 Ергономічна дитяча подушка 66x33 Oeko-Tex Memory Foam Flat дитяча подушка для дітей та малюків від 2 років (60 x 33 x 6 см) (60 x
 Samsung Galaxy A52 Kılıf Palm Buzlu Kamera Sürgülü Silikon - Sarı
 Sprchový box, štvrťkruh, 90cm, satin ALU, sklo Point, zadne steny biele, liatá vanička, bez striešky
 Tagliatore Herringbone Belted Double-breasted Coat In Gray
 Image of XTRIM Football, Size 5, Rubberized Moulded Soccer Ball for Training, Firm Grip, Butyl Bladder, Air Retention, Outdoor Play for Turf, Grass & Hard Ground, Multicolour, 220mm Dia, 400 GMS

━━━━━━

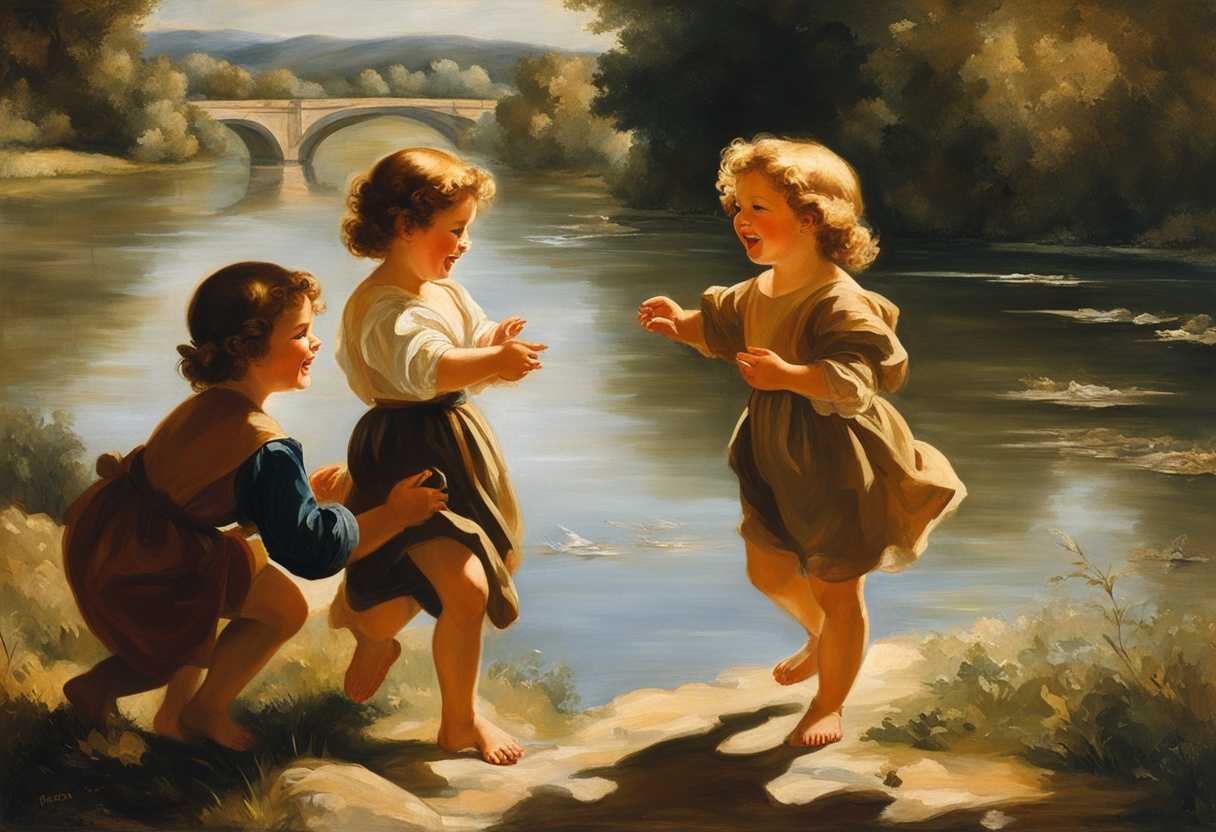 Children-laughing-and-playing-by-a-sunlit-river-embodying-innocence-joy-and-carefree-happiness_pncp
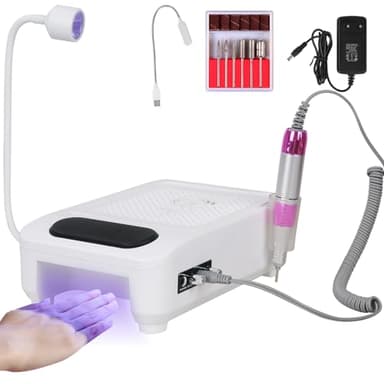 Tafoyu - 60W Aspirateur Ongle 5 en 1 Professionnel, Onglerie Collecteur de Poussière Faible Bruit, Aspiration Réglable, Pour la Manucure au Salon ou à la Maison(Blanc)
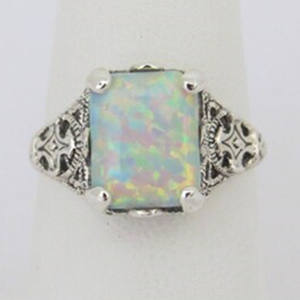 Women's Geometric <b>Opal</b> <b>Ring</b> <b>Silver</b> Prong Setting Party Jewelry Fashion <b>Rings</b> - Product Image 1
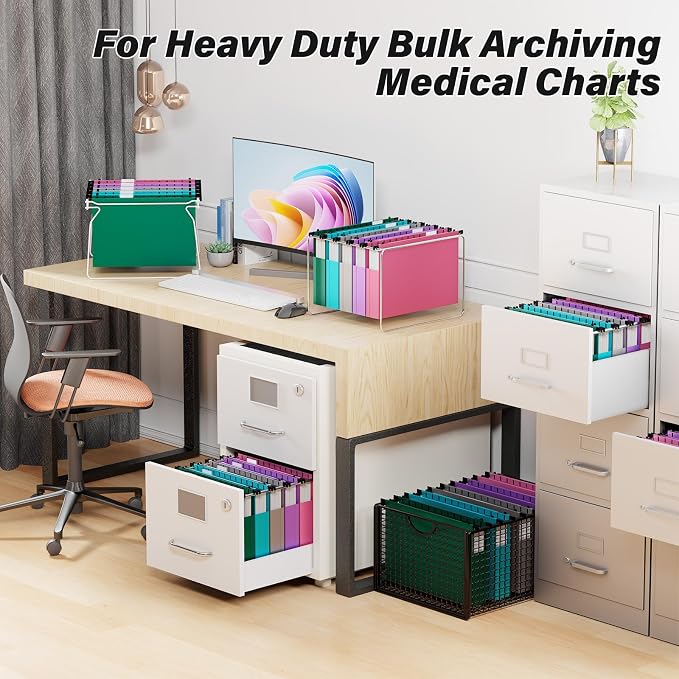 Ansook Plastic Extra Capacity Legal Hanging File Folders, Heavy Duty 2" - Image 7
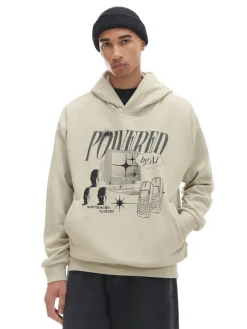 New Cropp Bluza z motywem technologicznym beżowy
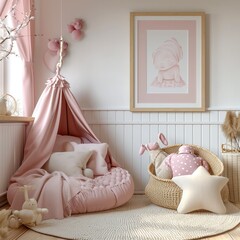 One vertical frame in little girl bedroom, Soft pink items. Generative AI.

━━━━━━

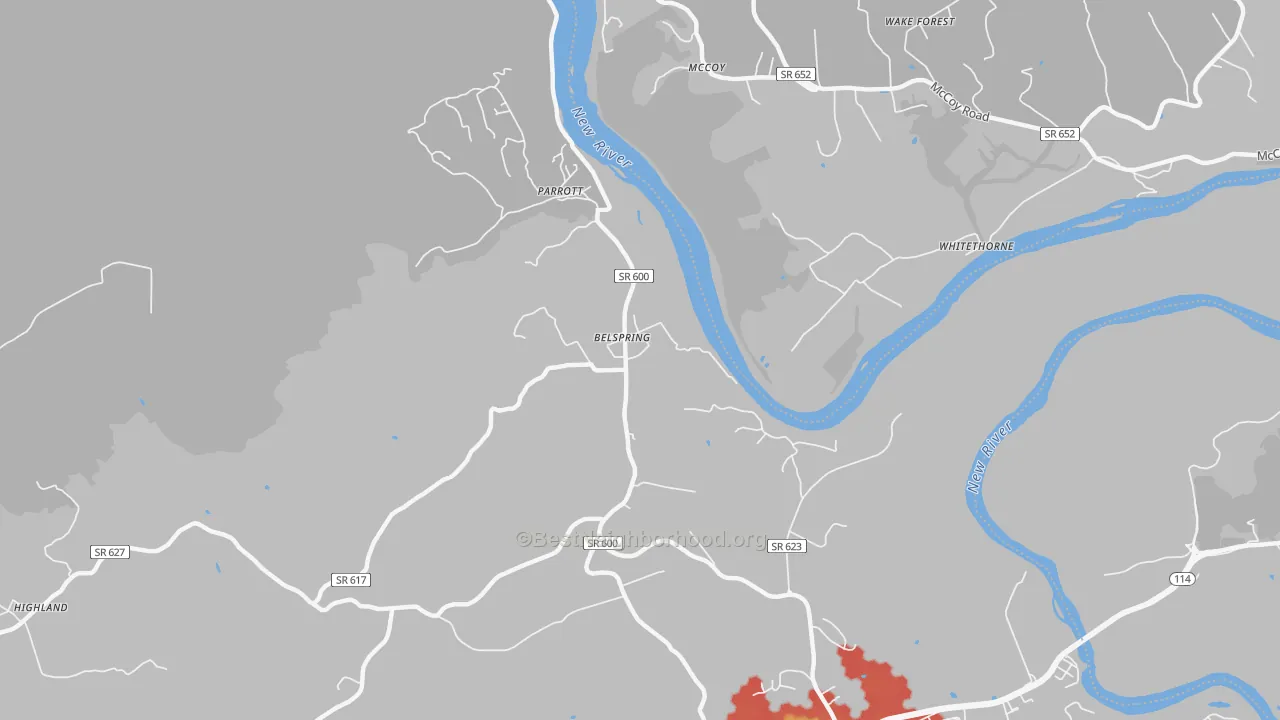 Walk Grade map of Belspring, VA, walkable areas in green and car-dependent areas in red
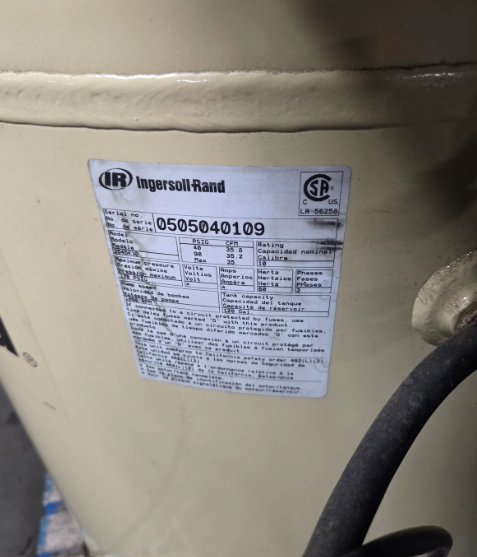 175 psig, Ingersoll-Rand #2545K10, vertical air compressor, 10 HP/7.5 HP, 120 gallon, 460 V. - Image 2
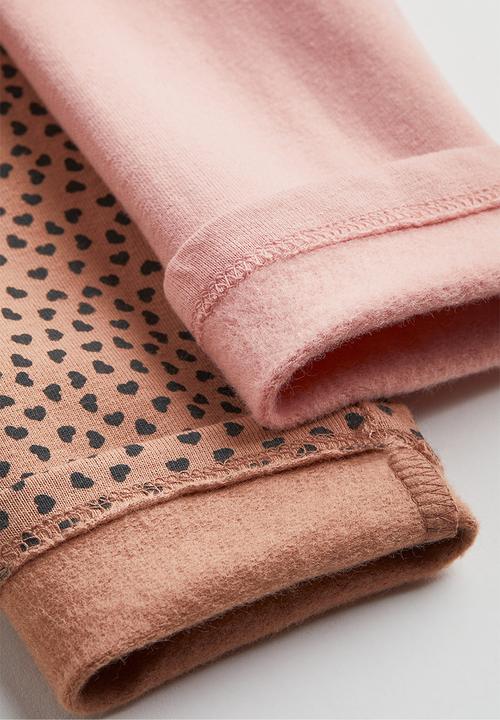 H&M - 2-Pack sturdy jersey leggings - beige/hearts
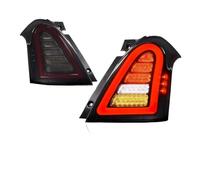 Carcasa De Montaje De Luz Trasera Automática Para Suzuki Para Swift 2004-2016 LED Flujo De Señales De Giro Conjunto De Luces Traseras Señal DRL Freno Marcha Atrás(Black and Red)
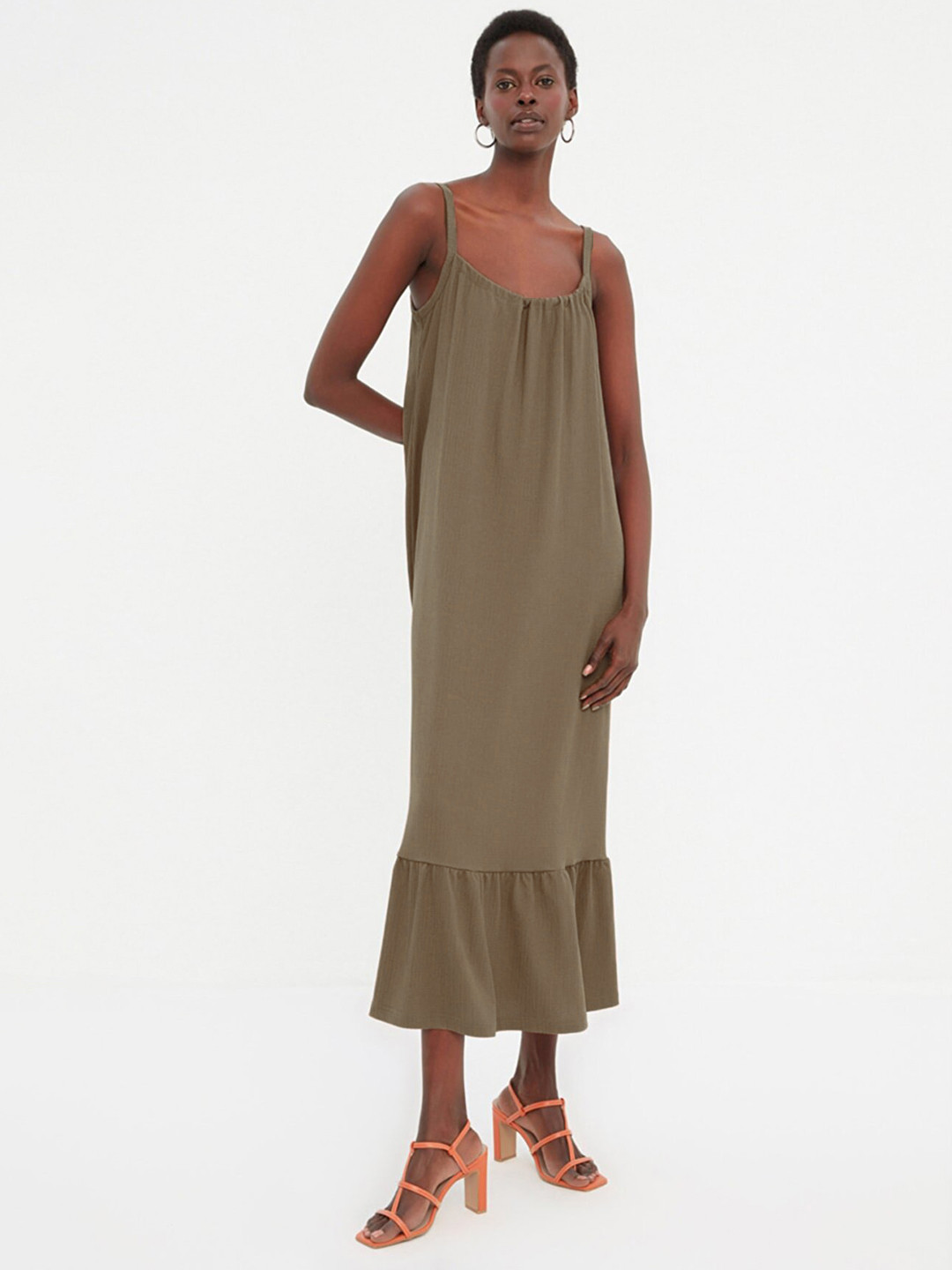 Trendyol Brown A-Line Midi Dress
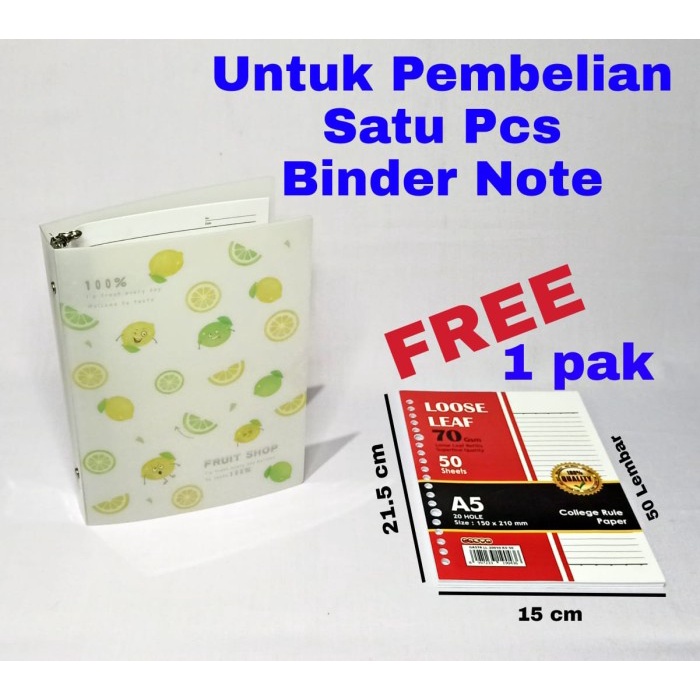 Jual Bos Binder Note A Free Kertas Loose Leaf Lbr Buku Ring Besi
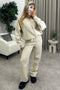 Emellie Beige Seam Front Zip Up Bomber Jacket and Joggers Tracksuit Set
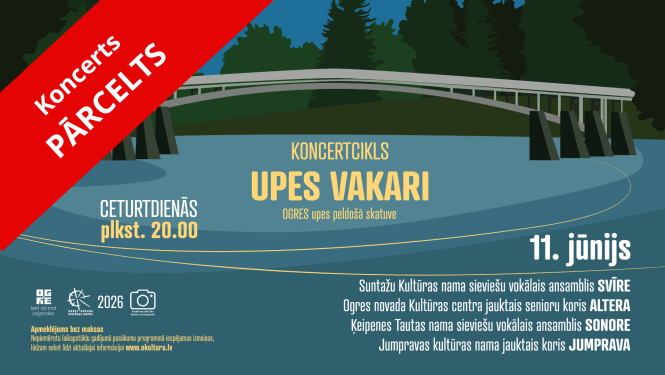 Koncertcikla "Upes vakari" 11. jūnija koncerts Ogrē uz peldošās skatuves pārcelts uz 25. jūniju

━━━━━━

→ **EXERCISE**: Only one stretch of the listing above is to be duplicated: the lines from the one containing "Walk Grade map" through the one containing "H&M - 2-Pack", both included. Copy them exactly, minus the pictures.

→ **TASK ANSWER**:
 Walk Grade map of Belspring, VA, walkable areas in green and car-dependent areas in red
 175 psig, Ingersoll-Rand #2545K10, vertical air compressor, 10 HP/7.5 HP, 120 gallon, 460 V. - Image 2
 H&M - 2-Pack sturdy jersey leggings - beige/hearts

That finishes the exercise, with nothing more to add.